Set down the data below without change, skipping the pictures it holds.

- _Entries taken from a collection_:
......
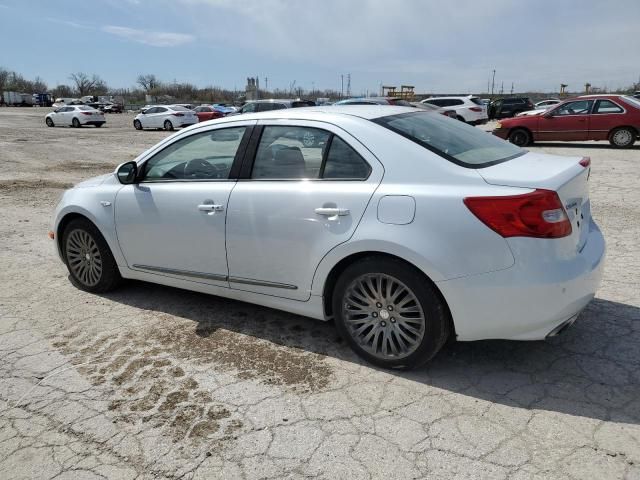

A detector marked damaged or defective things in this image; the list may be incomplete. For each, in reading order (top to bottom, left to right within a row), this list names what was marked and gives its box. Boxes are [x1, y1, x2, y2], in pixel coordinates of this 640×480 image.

cracked concrete pavement [0, 107, 636, 478]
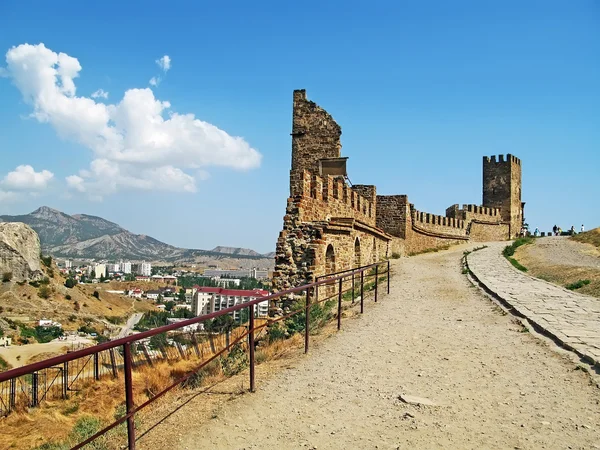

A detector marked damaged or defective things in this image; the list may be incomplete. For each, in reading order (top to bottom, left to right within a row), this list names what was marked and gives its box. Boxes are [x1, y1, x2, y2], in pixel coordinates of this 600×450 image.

rusty railing [0, 258, 392, 448]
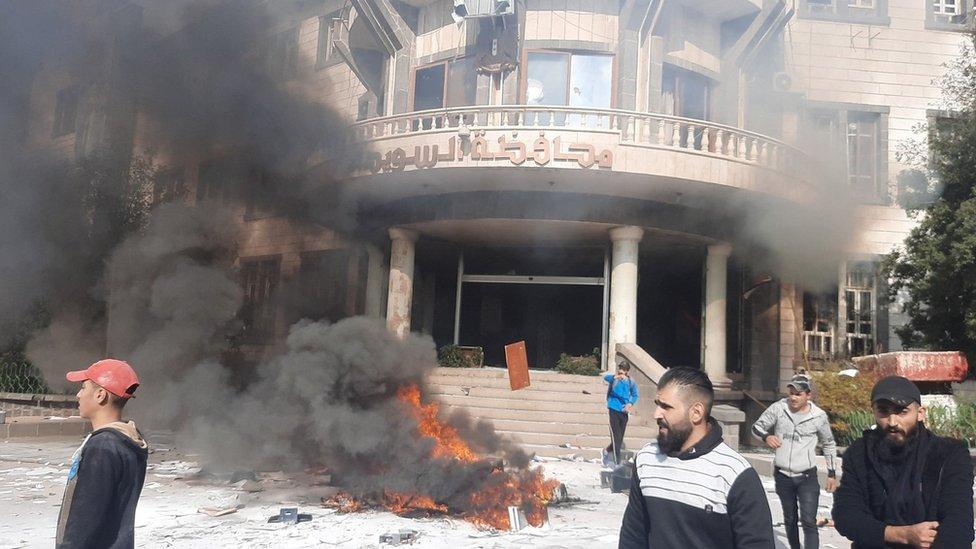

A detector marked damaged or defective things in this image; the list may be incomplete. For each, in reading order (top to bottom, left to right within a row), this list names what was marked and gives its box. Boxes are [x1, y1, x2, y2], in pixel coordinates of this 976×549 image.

broken window [264, 27, 300, 80]
broken window [51, 86, 77, 137]
broken window [151, 167, 187, 206]
broken window [844, 111, 880, 197]
broken window [241, 256, 282, 342]
broken window [804, 292, 836, 360]
broken window [844, 264, 872, 358]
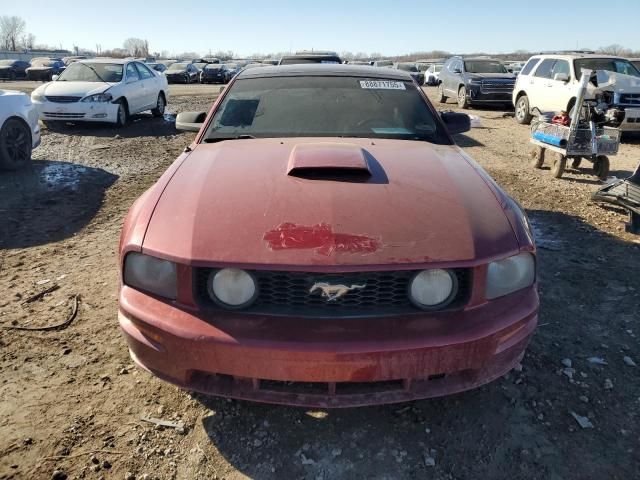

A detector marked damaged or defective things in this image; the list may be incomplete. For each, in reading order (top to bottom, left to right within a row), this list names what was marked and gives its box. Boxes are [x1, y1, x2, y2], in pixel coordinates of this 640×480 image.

damaged hood paint [35, 80, 115, 98]
damaged hood paint [142, 139, 516, 266]
rust spot [264, 223, 382, 256]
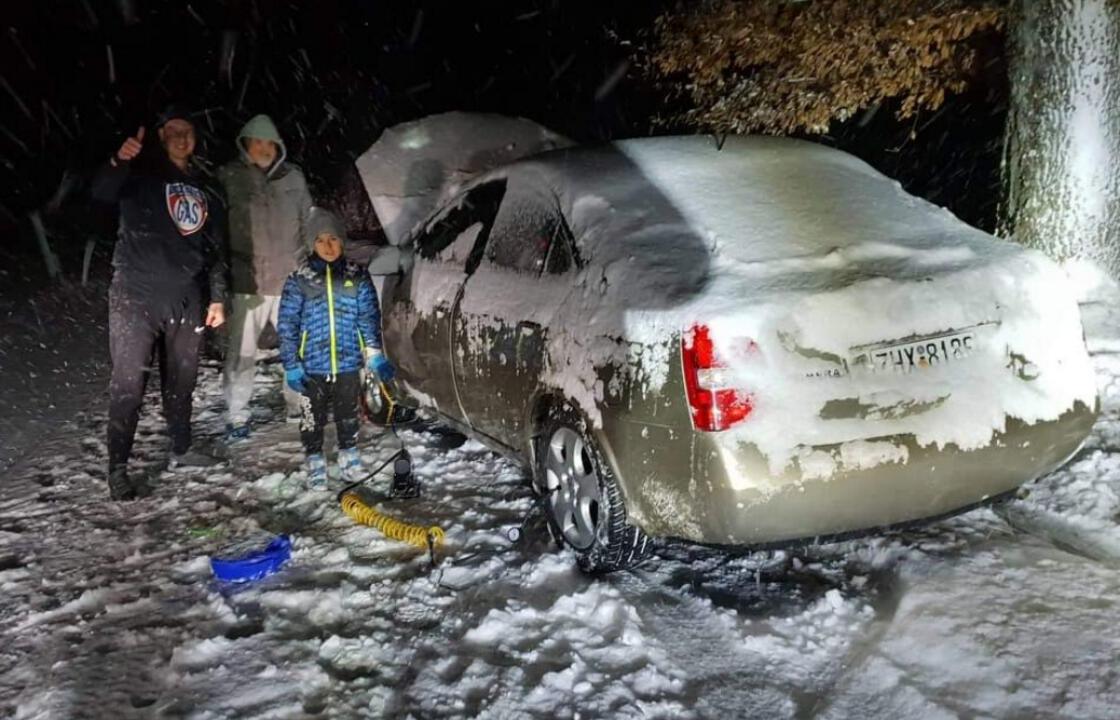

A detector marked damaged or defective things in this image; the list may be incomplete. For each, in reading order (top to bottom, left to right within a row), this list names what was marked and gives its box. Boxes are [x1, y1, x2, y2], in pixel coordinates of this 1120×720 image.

damaged vehicle [360, 114, 1104, 572]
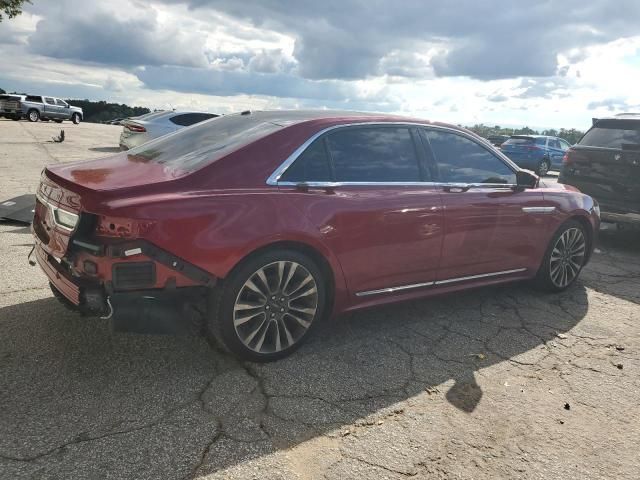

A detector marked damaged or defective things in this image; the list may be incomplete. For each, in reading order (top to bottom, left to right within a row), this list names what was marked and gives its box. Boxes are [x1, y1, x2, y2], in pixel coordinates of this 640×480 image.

damaged red car [31, 110, 600, 362]
cracked asphalt [0, 117, 636, 480]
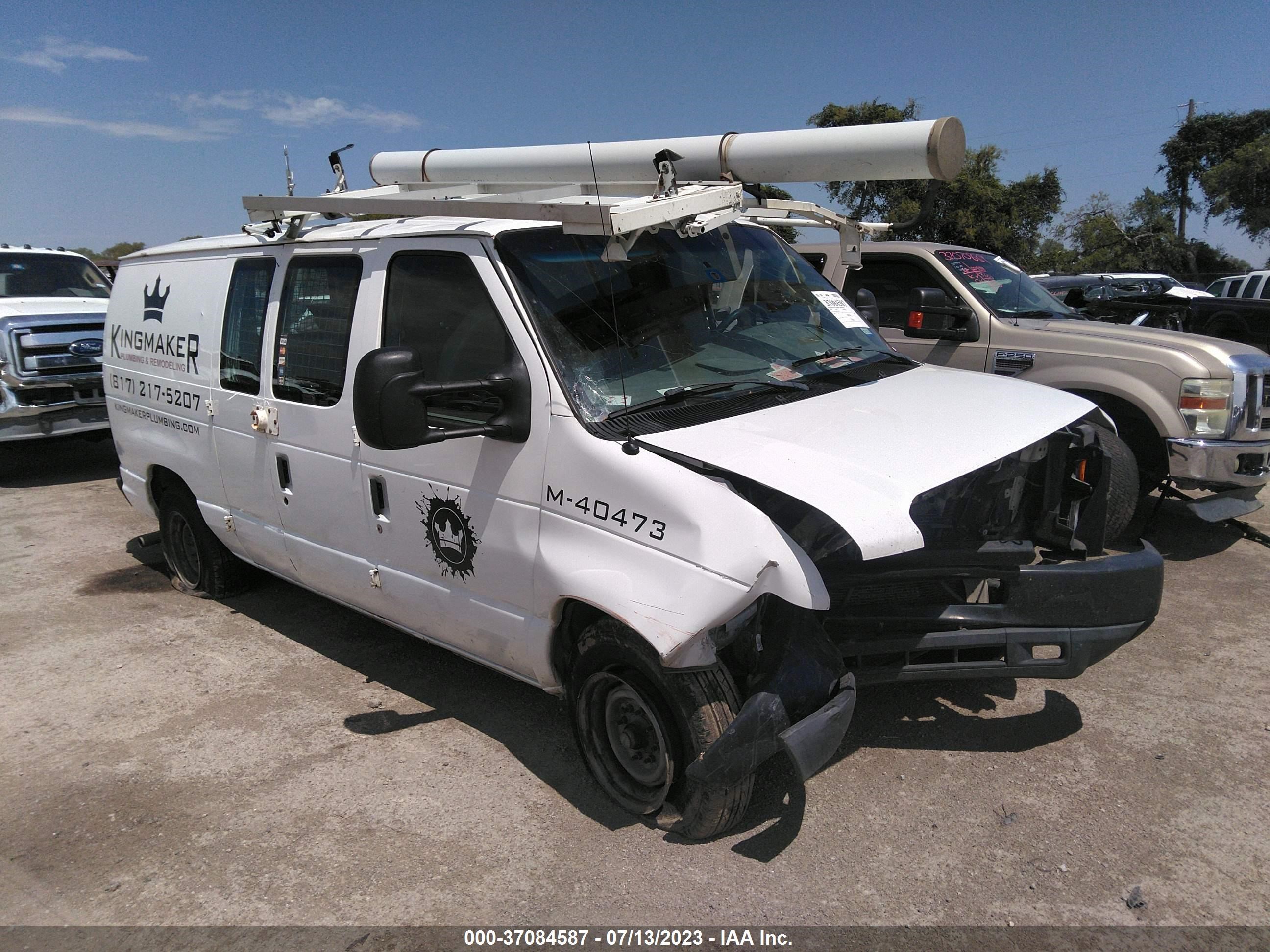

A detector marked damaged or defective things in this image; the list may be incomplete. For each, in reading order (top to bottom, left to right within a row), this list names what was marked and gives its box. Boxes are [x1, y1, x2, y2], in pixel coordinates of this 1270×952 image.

cracked windshield [496, 225, 902, 421]
cracked windshield [933, 249, 1082, 319]
damaged white van [107, 121, 1160, 842]
crumpled hood [639, 362, 1098, 556]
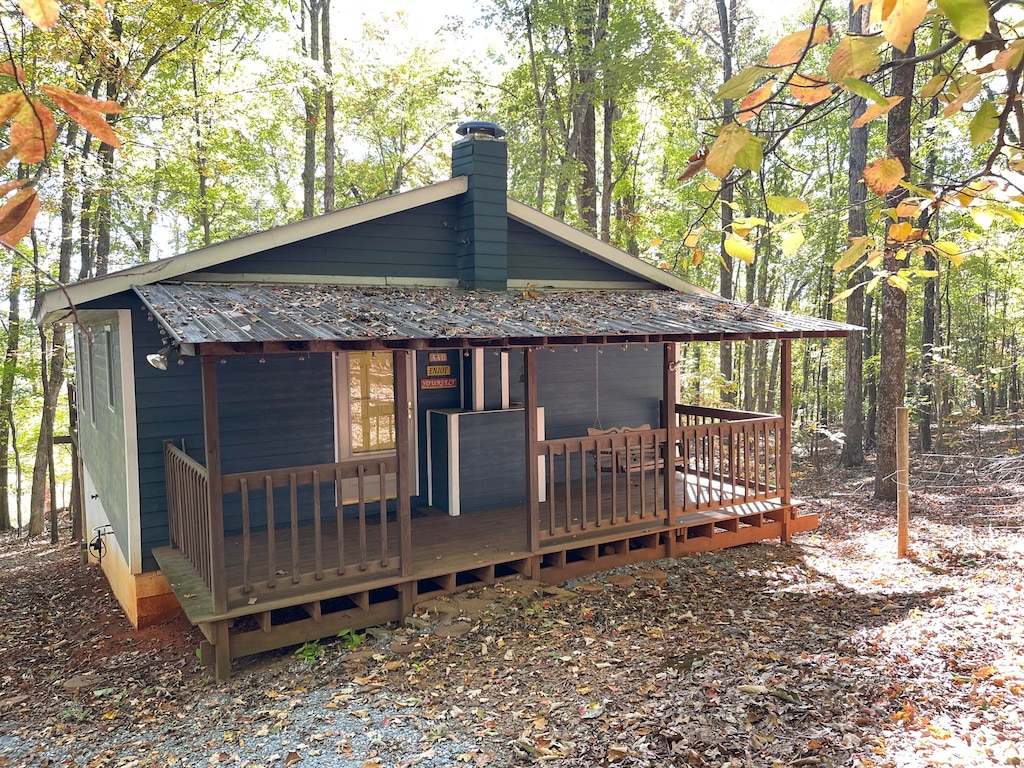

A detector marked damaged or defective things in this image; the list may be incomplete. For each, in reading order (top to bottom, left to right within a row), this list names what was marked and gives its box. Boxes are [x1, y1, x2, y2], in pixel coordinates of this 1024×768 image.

rusty metal roof panel [134, 282, 856, 346]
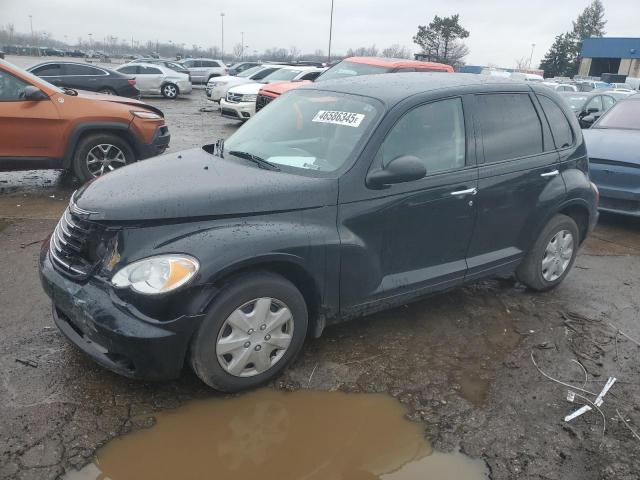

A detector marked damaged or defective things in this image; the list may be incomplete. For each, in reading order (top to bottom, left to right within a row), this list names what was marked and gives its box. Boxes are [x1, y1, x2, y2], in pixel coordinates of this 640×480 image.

damaged headlight [111, 253, 199, 294]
......
- _RESPONSE_:
A detector marked damaged or defective things in this image; the list may be incomplete. For each, in reading order (top to bottom, left to right within a row), this list names what was marked and gives its box. Boxes are [x1, y1, x2, y2], in pixel coordinates of this 640×480 image.

cracked concrete pavement [0, 107, 636, 478]

A detector marked damaged or defective things in this image; the list may be incomplete. For each, in reading order (top to bottom, left to right within a row), this list names what was marked and gives its box. Boxes are [x1, y1, x2, y2], in pixel coordinates of this 600×450 image.

rusty railing [0, 258, 392, 448]

A detector marked damaged or defective things in this image; the list may be incomplete. For each, in reading order (top to bottom, left to right within a row), this list names what was marked and gives its box. Boxes are [x1, y1, x2, y2], in pixel coordinates of this 976×549 image.

broken window [264, 27, 300, 80]
broken window [51, 86, 77, 137]
broken window [151, 167, 187, 206]
broken window [844, 111, 880, 197]
broken window [241, 256, 282, 342]
broken window [804, 292, 836, 360]
broken window [844, 264, 872, 358]

A detector marked damaged or defective things in this image; the list may be incomplete. For each, in reading order (top to bottom, left to right within a row), this list names what was marked and gives its box. Boxes are [x1, y1, x2, y2], in pixel coordinates of this 640×480 image.

damaged hood paint [35, 80, 115, 98]
damaged hood paint [142, 139, 516, 266]
rust spot [264, 223, 382, 256]

A detector marked damaged or defective things in this image; the list may be incomplete. For each, in reading order (top to bottom, left to right within a row), this list names what was marked and gives its box. Boxes are [x1, y1, x2, y2], in pixel coordinates of this 1120×720 image.

damaged vehicle [360, 114, 1104, 572]

A detector marked damaged or defective things in this image; the list may be incomplete. For each, in reading order (top to bottom, left to right within a row), this list names what was marked and gives its box. Boxes are [x1, y1, x2, y2], in pixel coordinates of this 640×480 image.

damaged red car [31, 110, 600, 362]
cracked asphalt [0, 117, 636, 480]

A detector marked damaged or defective things in this image; the list may be incomplete. For each, in reading order (top to bottom, left to right within a row), this list names what was marked and gives its box. Boxes are [x1, y1, x2, y2], in pixel coordinates of this 1270×952 image.

cracked windshield [496, 225, 902, 421]
cracked windshield [933, 249, 1082, 319]
damaged white van [107, 121, 1160, 842]
crumpled hood [639, 362, 1098, 556]

A detector marked damaged or defective things in this image; the list may be incomplete. For each, in reading order (top to bottom, left to right within a row), this list names what was marked and gives its box. Boxes are [x1, y1, x2, y2], in pixel coordinates of this 1024×768 image.

rusty metal roof panel [134, 282, 856, 346]

A detector marked damaged or defective things in this image; the list may be incomplete. For each, in reading order (top to bottom, left to right within a row), this list names what was marked and gives its box. Boxes are [x1, y1, x2, y2], in pixel coordinates of this 640×480 image.

damaged headlight [111, 253, 199, 294]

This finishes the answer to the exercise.